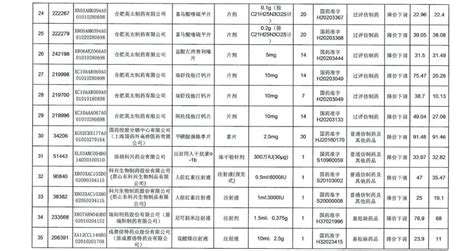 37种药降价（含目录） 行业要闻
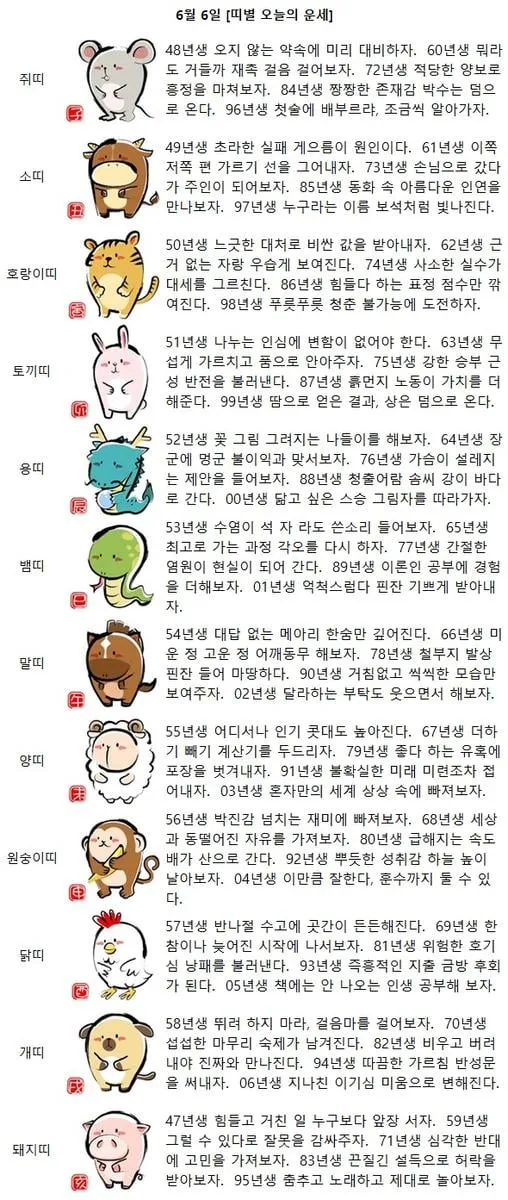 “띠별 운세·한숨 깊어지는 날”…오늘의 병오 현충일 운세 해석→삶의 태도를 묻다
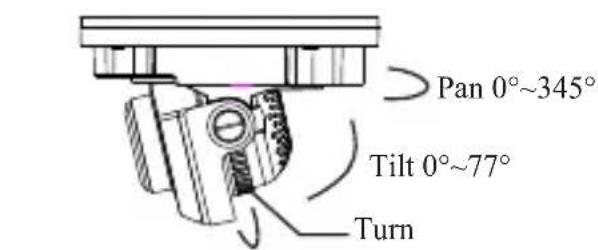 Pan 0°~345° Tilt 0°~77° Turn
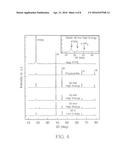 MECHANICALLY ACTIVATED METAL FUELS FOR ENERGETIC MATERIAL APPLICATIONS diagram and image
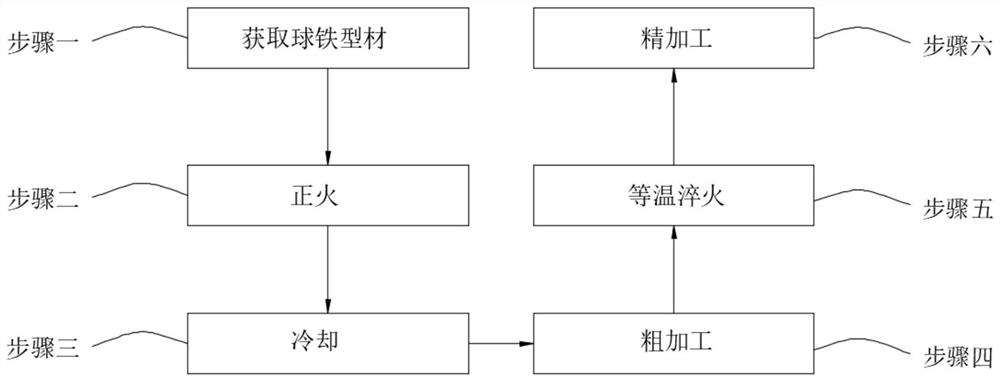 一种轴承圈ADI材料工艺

──────

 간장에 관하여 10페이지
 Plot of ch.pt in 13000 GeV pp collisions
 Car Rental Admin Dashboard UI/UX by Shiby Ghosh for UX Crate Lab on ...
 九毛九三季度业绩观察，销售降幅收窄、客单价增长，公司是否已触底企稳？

──────

EXERCISE OBJECTIVE:
Only one stretch of the data above is needed. Restate it word for word, from the line containing "Plot of ch.pt in 13000 GeV pp collisions" through the line containing "九毛九三季度业绩观察，销售降幅收窄、客单价增长，公司是否已触底企稳？", both ends included.

WRITTEN ANSWER:
 Plot of ch.pt in 13000 GeV pp collisions
 Car Rental Admin Dashboard UI/UX by Shiby Ghosh for UX Crate Lab on ...
 九毛九三季度业绩观察，销售降幅收窄、客单价增长，公司是否已触底企稳？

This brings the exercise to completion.